26 of 434 comments (clear)

  1. Please understand... by Creepy+Crawler · · Score: 5, Insightful

    That the DMCA DOES NOT APPLY outside the USA. However, hardware Digital Restriction Management DOES.

    I really dont want strong crypto keeping out of stuff that I OWN, or My CONTENT.

    I'td be a neat experiemnt to create a Linux driver that emulates TCPA chips so that stupid software thinks you're auth'ed.

    --
    1. Re:Please understand... by Lazar+Dobrescu · · Score: 5, Insightful
      This is not the only problem the article addresses though. As it is now, there are already tons of old file formats for which the software needed to read it is nearly impossible(or totally impossible) to find. Documents written in those file formats could contain useful, or at the least interesting content, but we can't get to that content.

      We are talking here about file formats 30 years old, or even less. Try to imagine what will happen in 200 years. Most of our history will be written to electronic media, and for people that will live in 200 years, the file format used for that media will very probably be undecipherable.

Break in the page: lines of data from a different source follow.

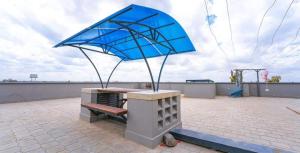 a blue umbrella sitting on top of a bench at Bnb syokimau in Syokimau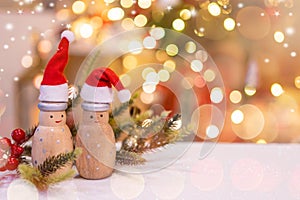 Christmas decoration with Santa hat and toy. Winter season holiday with light bokeh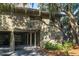 Charming two-story coastal home with covered parking, wooden stairs, and lush landscaping at 796 Summerwind Cir, Edisto Beach, SC 29438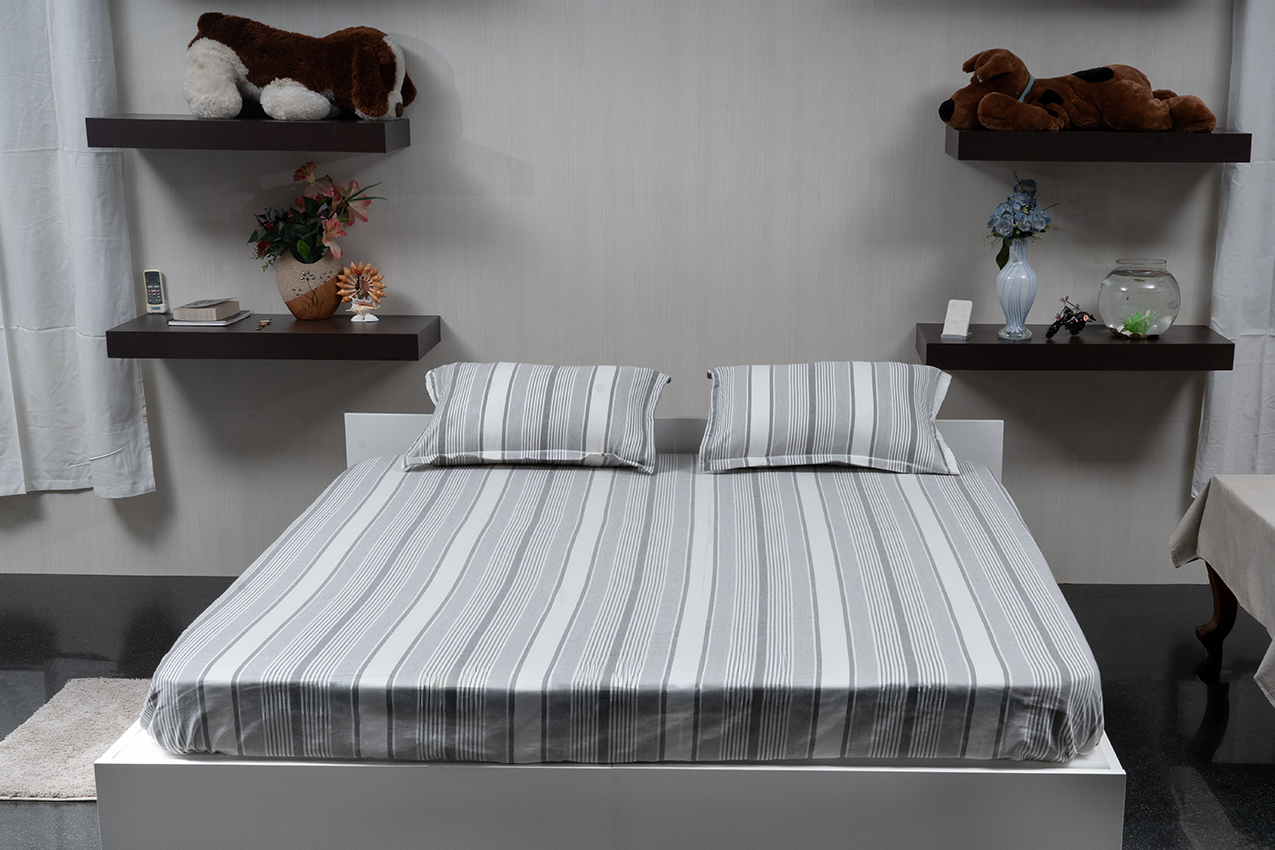 Linn Decors fitted sheet with two pillow covers and quilt styled on a modern bedroom bed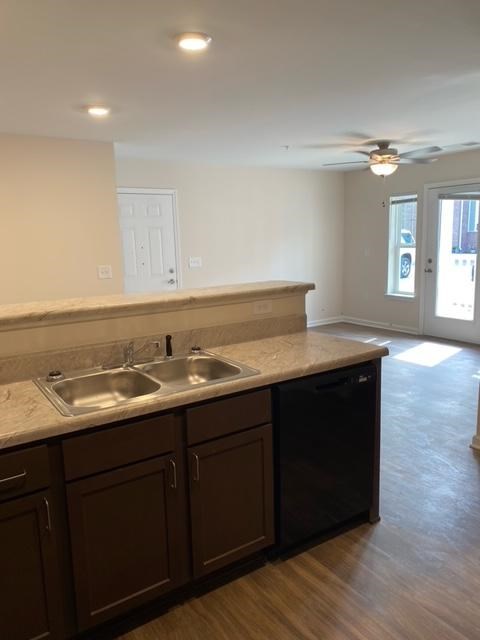 A kitchen with brown cabinets and a marble countertop.
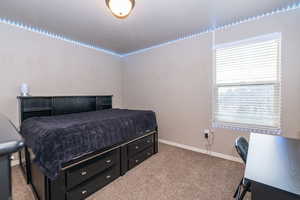 Bedroom featuring carpet floors and baseboards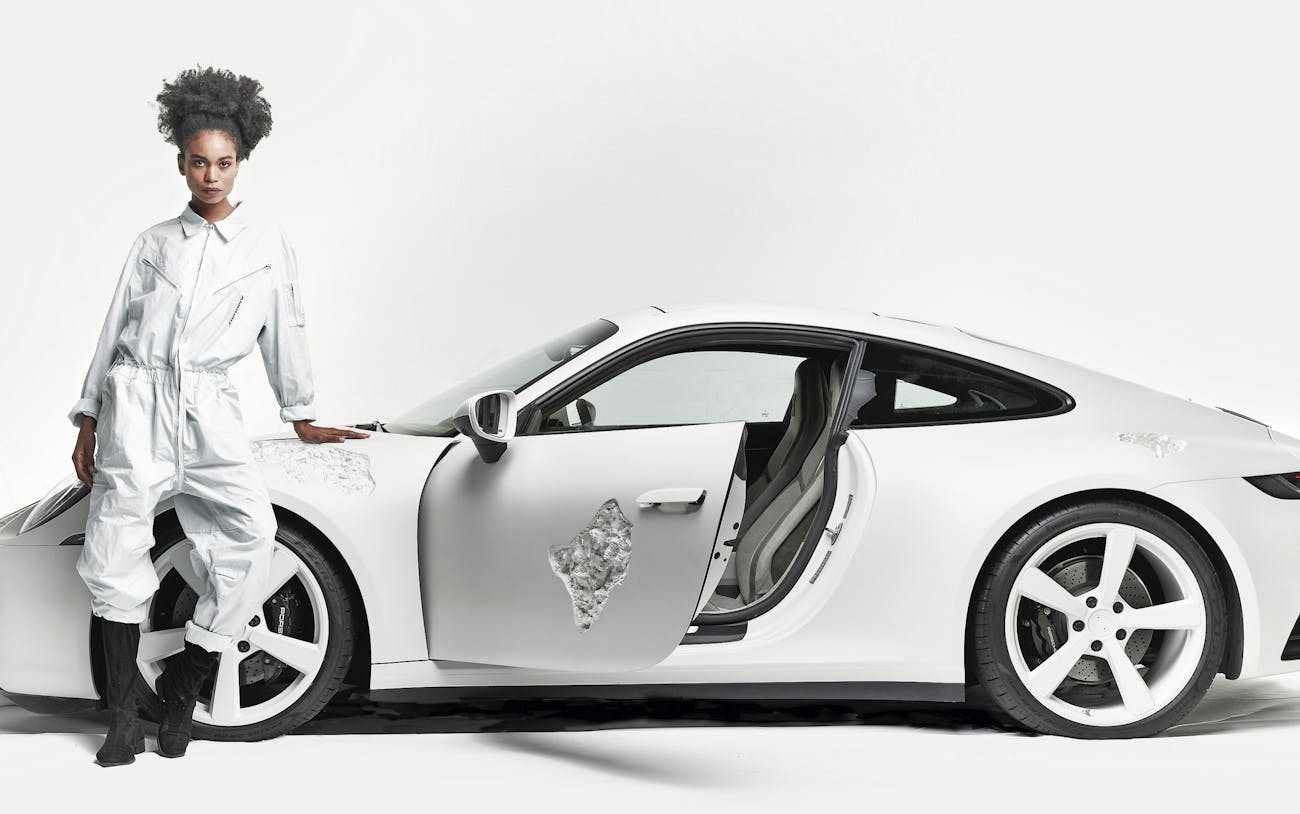 Side view of the white, Crystal-eroded 911 with women leaning on hood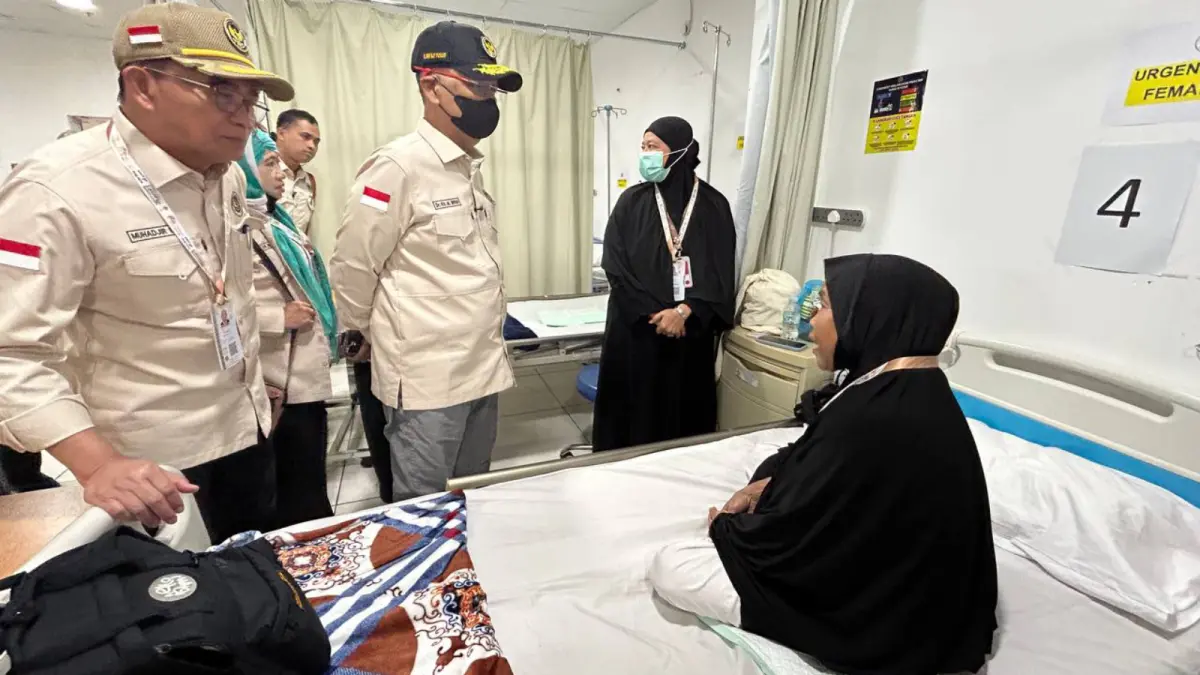 Menteri Haji dan Umrah RI Mochamad Irfan Yusuf (pakai masker hitam) berbincang dengan jamaah haji Indonesia yang dirawat di Klinik Kesehatan Haji Indonesia. (Media Center Haji 2026) - Image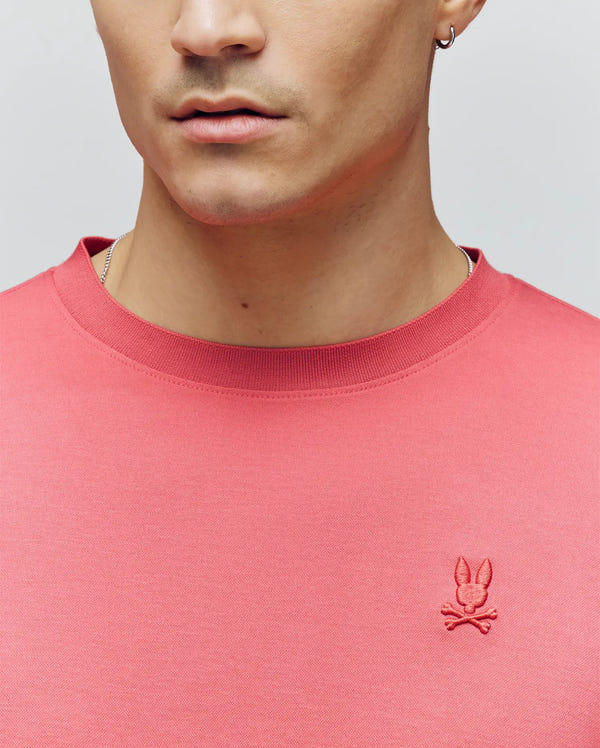 A person wearing a pink Psycho Bunny MENS BRYCE PERFORMANCE TEE (B6U490F200) with an embroidered bunny and crossbones logo; only the lower half of their face and upper torso are visible.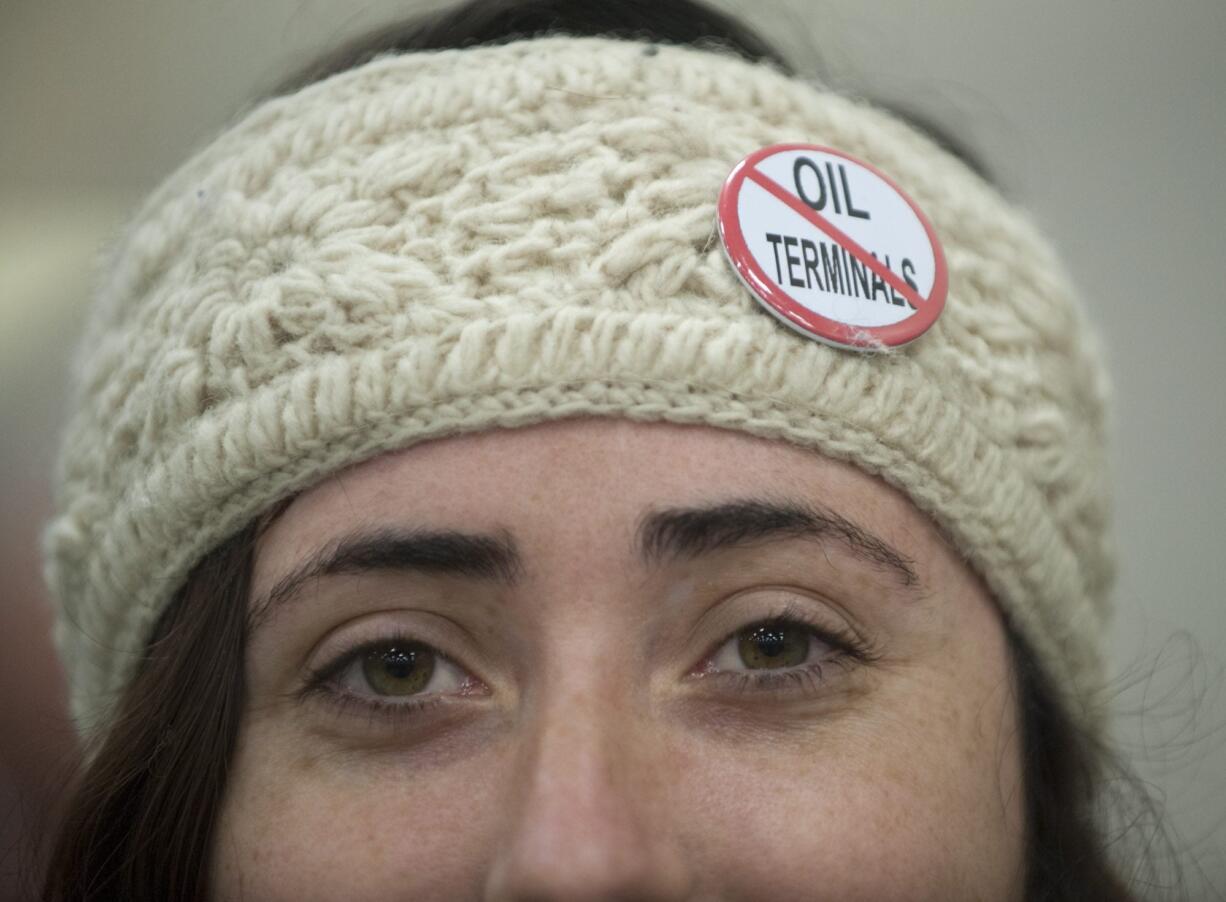 Erin Murdock wears a button indicating her opposition to building an oil transfer terminal, at the first public hearing on the matter Jan. 5 in Vancouver.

      What is the solution? Some say that we need to convert all documents in a more recent file format every x years. That will really become a pain in the ass as the number of archives go higher and higher.

      Another trick could be to describe in whole the file format used and attach that description to every file. That, of course, brings up the problem of what file format to use for that description... (will even plain ascii files still exist in 200 years? Maybe not, but I think it is reasonnable to expect that people will at least still have an idea of how to read them...)

      Comparing this to the problem faced for dead languages gives a good idea of the repercussions... There is already countless documents written in very old ages that we cannot decipher because the language used to write it is loss. People are working all their lives trying to understand a dead language. But with computers, we're not talking about something that happened 4000 years ago, but 30 years ago... That means that in the course of your lifetime, You could see obsolete file formats 3 times!

      Someone will need to find a solution for this, and preferably before the problem happens for real...

    2. Re:Please understand... by TheRaven64 · · Score: 4, Informative
      Repeat after me:

      TCPA hardware is not the same as DRM, and is not evil

      The TCPA hardware specifies a cryptography co-processor on the mainboard. This can be used for DRM, but it can also be used for offloading things like SSL from the CPU. Emulating the hardware would be no good. Under *NIX, it would just be mounted at /dev/crypto (or something), and emulated if the hardware were not availible. It is the software which manages DRM.

      --
      I am TheRaven on Soylent News
    3. Re:Please understand... by Sique · · Score: 4, Insightful

      The rosetta stone contained the message in Ancient Greek (a dead but widely known language at the time of deciphration), Coptian and Hieroglyphic. Even though Coptian was at least known to some specialists and people able to read Ancient Greek were abundant at the time (and still are), it took about 25years to decipher the hieroglyphic texts.

      And this was with a language which itself was very easy mapped to the letters (every consonant mapped to a letter, vowels omitted).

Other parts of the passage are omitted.